1. Field of the Invention
This invention relates generally to the field of data storage and in particular to distributed data storage.
2. Description of the Related Art
The explosive growth of the Internet has ushered in a new area in which information is exchanged and accessed on a constant basis. In response to this growth, there has been an increase in the size of data that is being stored. Users are demanding more than standard HTML documents, wanting access to a variety of data, such as, audio data, video data, image data, and programming data. Thus, there is a need for data storage that can accommodate large sets of data, while at the same time provide fast and reliable access to the data.
One response has been to utilize single storage devices which may store large quantities of data but have difficulties providing high throughput rates. As data capacity increases, the amount of time it takes to access the data increases as well. Processing speed and power has improved, but disk I/O (Input/Output) operation performance has not improved at the same rate making I/O operations inefficient, especially for large data files. One solution has been to break up large data files and store them in distributed systems. However, such systems store a fixed amount of data and are often costly to replace.
The embodiments disclosed herein generally relate to distributed data storage.

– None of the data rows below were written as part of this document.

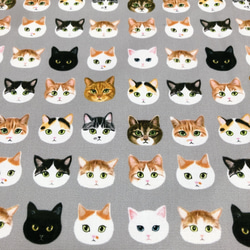 1570．ゆきだるま様オーダー分 ねこ猫ネコ柄 お薬手帳&診察券 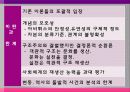 피에르 부르디외에 대한 모든것 12페이지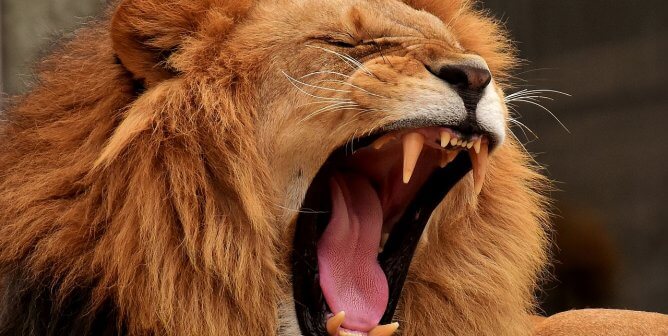 lion roaring, yawning, angry expression, captive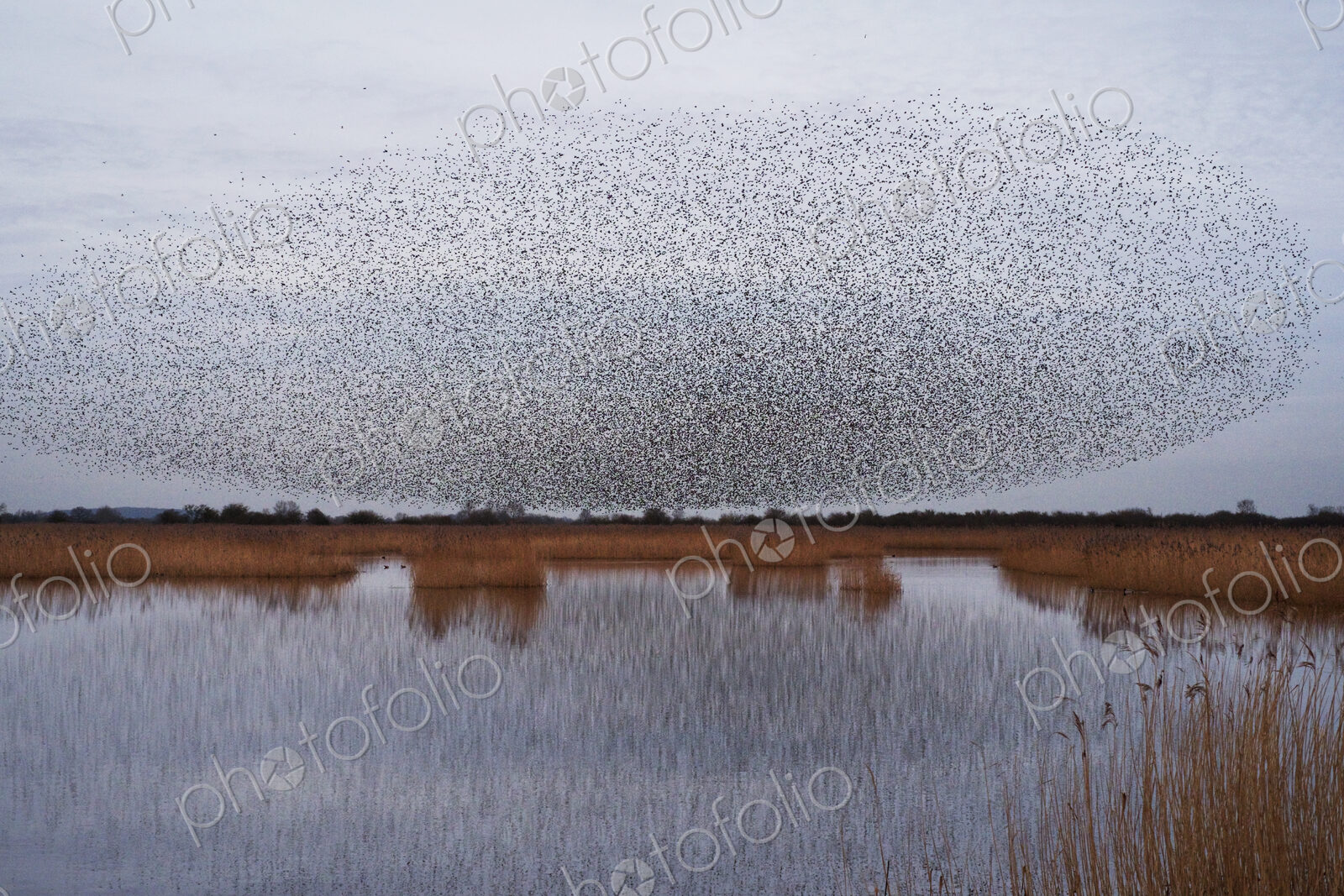 A murmuration of starlings, massed flock of birds at dusk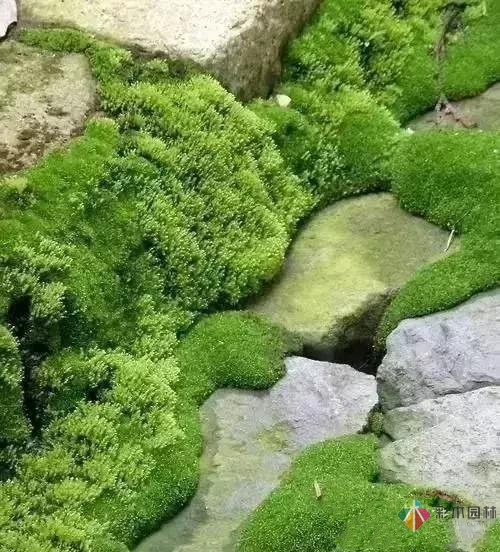 花園設計,苔造園也是一道美景!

In one embodiment, a storage system is provided. The storage system includes a plurality of n storage containers, x1, x2, to xn, configured to store logical data and data protection data, wherein: n is greater than 1; the size of x1≦the size of x2≦ . . . the size of xn-1≦the size of xn and the size of x1<the size of xn; the plurality of n storage containers utilize more than ((n−m)*size of x1) for storing logical data, where m is the number of failed storage containers the system can handle; and the logical data and data protection data may include striped data and mirrored data.
In a further embodiment, a storage system is provided. The storage system includes a plurality of n storage containers, x1, x2, to xn, configured to store logical data and data protection data, wherein: n is greater than 1; the size of x1≦the size of x2≦ . . . the size of xn-1≦the size of xn and the size of x1<the size of xn; the plurality of n storage containers utilize more than ((n−m)*size of x1) for storing logical data, where m is the number of failed storage containers the system can handle; and the storage containers are locally accessed disk drives.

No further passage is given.